Love to fly / Hate to travel (Part 3 of 3)

I’m writing this post while waiting at Baltimore’s airport (BWI). But I probably won’t have the opportunity to post this until I’ve left BWI because I couldn’t connect to their wireless access (finally able to post it from home). Travel can be great, and travel can be terrible. What’s so great/terrible about it?

Play Structures

above: Portland International Airport

above: Detroit International Airport

I wish I had a photo from the play area in Salt Lake City. My kids spent an hour picking up Duplo building blocks, filling them with Lincoln Logs, and organizing them in a little Fisher Price playhouse. I don’t know what the organizational process was, but it kept them busy for an hour. And when you’re trying to entertain two kids over a 3 hour layover, this is a great thing. The Portland play structure (first above) obviously has a lot of physical activity to it, and it’s always a good thing to try and get as much energy out of the kids before they’re on a plane for three and a half hours. Even the Detroit one (second above) kept the kids busy for half an hour until we were ready to board the plane… moving chairs in and out of the house, pretending the house was a take-out restaurant…
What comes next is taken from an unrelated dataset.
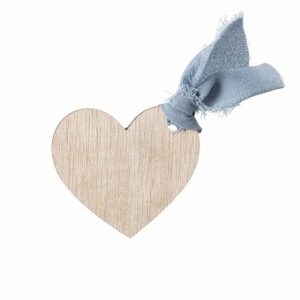 Bordkort, trehjerte med blå pynt - 6 stk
Now these are of varying degrees of cost and integration, but all of them kept the kids entertained. Which makes the parents more relaxed travellers. Which creates a better travel experience. Why wouldn’t every airport spend the $200 or $500 or $5000 to put one of these things in place to make people look forward to traveling, instead of dreading it? Why not make people want to come to the airport, even if they’re not traveling? It increases business at the retail establishments, improves brand experience (for when these people are actually traveling), and starts to create a new category airports: traveltainment (okay, that’s just terrible, but I’ll trademark it just in case).

Big planes/small planes

Returning from Columbus, Ohio a couple weeks ago, we flew to SLC on an Embraer 170 jet, which seats about 70 people. At first I was dreading the trip… 2 kids, three and a half hour flight, small plane. The seats were 2 per side of the aisle, and we have one DVD player (my laptop). But my experience quickly shifted once we took off. The flight staff made us feel special, exclusive, and well taken care of. Since the plane was so small, and it wasn’t full, it made us feel like the plane, and the flight attendants, were there just for us. The kids sat in 2 seats on one side of the plane and watched Wallace and Gromit. My wife and I sat on the other side and read. We never get to do this on a big plane, because we’re usually sitting with three people on one side of the aisle and one on the other. They had milk on the plane for our 2 year old (a huge deal since they banned liquids from flights). We arrived in SLC happy, instead of agitated and exhausted.

So how can the airlines take advantage of the idea of smaller, not bigger, planes? With a smaller plane, the flight attendants have fewer passengers to interact with, allowing them to interact with the passengers more. Which can create a better travel experience. Embraer even has a web site on exactly this (though it could use some help…). Bigger planes mean more people, which makes it feel more like a bus, and the flight attendants have more people to deal with, making their interactions shorter and less personal. Maybe more profitable for the airlines from a monetary standpoint, but less profitable from a brand relationship standpoint.

Frequent Flyer Programs
With all the travel back and forth to Hawaii, I’ve accrued a decent amount of miles. Enough to qualify for Northwest’s “Elite” status. While I saw the miles start to add up, I thought, “yeah, I’ll get to hang out in the President’s Club, get upgraded to first class, it’s going to be sweet.” Turns out Elite status means they waive the initiation fee for the President’s Club (like $50) but you still have to pay for a President’s Club membership (like $300/year). It also turns out you can’t get the free upgrade to first class when flying to Hawaii, pretty much the only place I travel for business. So all the benefits of these miles, of Elite status, have done almost nothing for me except left me disillusioned about frequent flyer programs, and how much (or little) Northwest cares about it’s frequent travelers. And I only have Elite status until February 2007, less than 6 months after I qualified for the program. The one bonus is I get 50% more “bonus” miles per trip, so I can use my miles to upgrade to first class. Woo.

Let’s eat/not eat
On Delta, they still gave us snacks and food. In fact, they gave us extra for the kids. On Northwest, it costs $1 for a snack mix, and $5 for some kind of boxed sandwich. Why are airlines trying to make the already stressful travel experience even worse, when they could look at current travel conditions as a way to create a significant travel advantage for their brand?

Play structures are great for kids and parents, small jets can be great brand experiences, and there are plenty of travel opportunities that could be made into advantages for those willing to challenge how travel within the United States is done. And BWI is now one of my least desirable airports to fly through.